Hipertansiyon tedavisinde kullanılan ilaçlar farklı mekanizmaları düzenleyerek tansiyonun düşmesine yardımcı olur. Yüksek tansiyonun tedavisi amaçlı kullanılan ilaçlar kişi özelinde birtakım yan etkilere sebebiyet verebilir.
Hipertansiyonun ilaçla tedavisinde kişiye göre özel olarak belirlenecek uygun ilaç grubu ile tedavi tercih edilmelidir. Özellikle hastanın, yaşı, cinsiyeti, yüksek tansiyonun nedeni, hastanın diğer hastalıkları ve tansiyon değerleri göz önünde bulundurularak, hekim gözetimi altında ilaç tedavisi uygulanmalıdır.
Hipertansiyonun ilaçla tedavisinde, hastanın diğer organlarına zarar vermeden tansiyonun kontrol altına alınması hedeflenmelidir. Bu sebeple, daha öncede belirttiğimiz gibi hastaya uygun seçilmiş ilaç tedavisi çok önemlidir.
Yüksek tansiyonun ilaçlar ile de kontrol edilemediği durumlara ‘dirençli hipertansiyon’ adı verilir. Bu gibi hastalarda tansiyonun yükselmesine sebep olan ikincil bir neden olma olasılığı tekrar gözden geçirilmelidir.
Son olarak, halk arasında tansiyon düşürücü etkisi olduğu bilinen bazı doğal yöntemlere de aşağıda değinmek isteriz. Her ne kadar ana tedavi araçları olarak görülmemeleri gerekse de pratik yöntemler olmaları ve doğal besin tüketimine katkı sağladıklarından belirtmekte fayda olduğu kanısındayız.
- Tuzsuz yoğurt ve ayran tansiyon düşürücü etki gösterebilir. Tuzsuz olmaları önem teşkil eder.
- Soğuk su ile yapılan duşun kan basıncını düşürücü etkisi olabilir.

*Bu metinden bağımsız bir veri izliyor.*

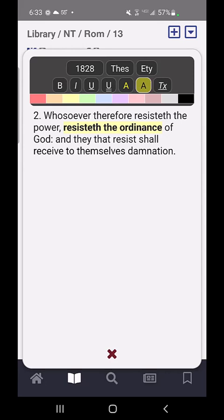I just touched off to unselect what I had selected so I could see the markup. When I select text, it adds a little bit of coloration so I can see what I've selected. That makes it look green for 'resisteth the ordinance.'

- Nar ve greyfurt gibi meyvelerin suları ve kekik suyunun da tansiyon düşürücü etkisi olduğu varsayılır.
- Tansiyon yüksekliğinde halk arasında yaygın olarak kullanılan sarımsağın da kan basıncını düşürücü etkisi olabilmektedir.
- Tansiyon yükseldiğinde ilk etapta limon suyunun sulandırılarak içilmesi kan basıncının düşmesine yardımcı olabilir.